- Windows Server 2016 VM in Azure, running SQL Server (same as on-prem version)
- Azure Active Directory with users etc.
- Local Windows 10 PCs are joined to the AAD domain
- SQL Server is configured for mixed-mode auth.
- Azure firewall allows connections to the SQL Server from the Internet (for now at least).
One of our developers is trying to setup an SSIS package to run in the server, and is running into the error stating you can only deploy/run SSIS packages from SSMS if you are using Windows authentication. I therefore am now looking into setting up "proper" authentication.
I've looked into Azure AD Domain Services and I can set that up to allow the Windows Server VM to join the domain.
- If I join the Windows Server VM to Azure AD using Azure AD DS, will the Windows authentication work from client PCs, out on the Internet, that are joined to the Azure AD via Windows 10's "Azure AD Join" feature?
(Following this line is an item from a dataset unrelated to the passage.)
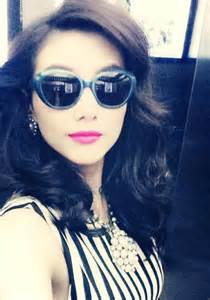 Trấn Thành đi chơi cùng người yêu hot girl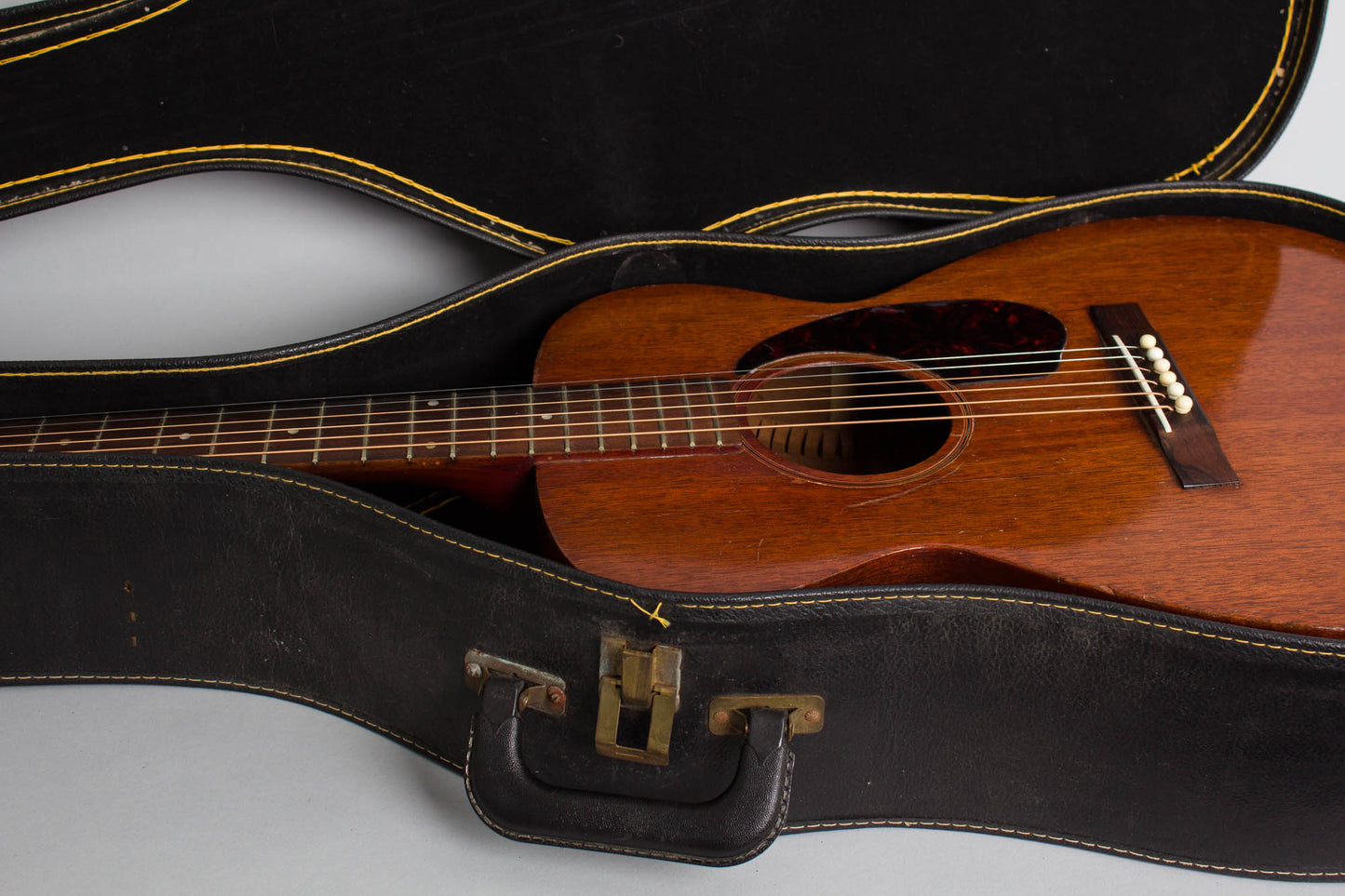 Guild M-20 Flat Top Acoustic Guitar (1965)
I noticed that in SSMS, the username is listed as "AzureAD\".
- If I need to add more infrastructure, I'm obviously looking to minimize cost, so the options I see are as follows - which one of these makes the most sense/actually works?:
- Deploy a local Windows Server on prem. This is at least a $500 cost (Server Essentials) and would restrict people from only being able to log in while on prem, unless I also setup a VPN service. It also excludes anyone from working on a home machine or basically any machine not joined to the domain - I think?
- Not sure if this is possible, but, setup a site-to-site VPN with the Azure VNet containing Azure AD DS, and then use a Linux box on prem (free of software cost, could be a very minimal mini-box or even an ARM-based board) to connect local to the Azure VNet. Then, I should be able to theoretically just join all my machines to Azure AD DS as if I had a local server? This would also potentially enable us to restrict access to the SQL Server and just have everyone use the same VPN to connect to Azure and get to the SQL Server. Still doesn't really help people using non-joined machines...
- Forget AD DS entirely. Not a good idea since we also have Office365 licensing already set up for everyone along with Email addresses, which integrates nicely with the Azure AD.
I've done a lot of work on local Windows Server infrastructure but am still new to Azure and how all of it fits together. Again, the ultimate goal here is to allow SQL Server devs and admins to use Windows Authentication against an SQL Server running in an Azure VM, with the directory being an Azure AD directory.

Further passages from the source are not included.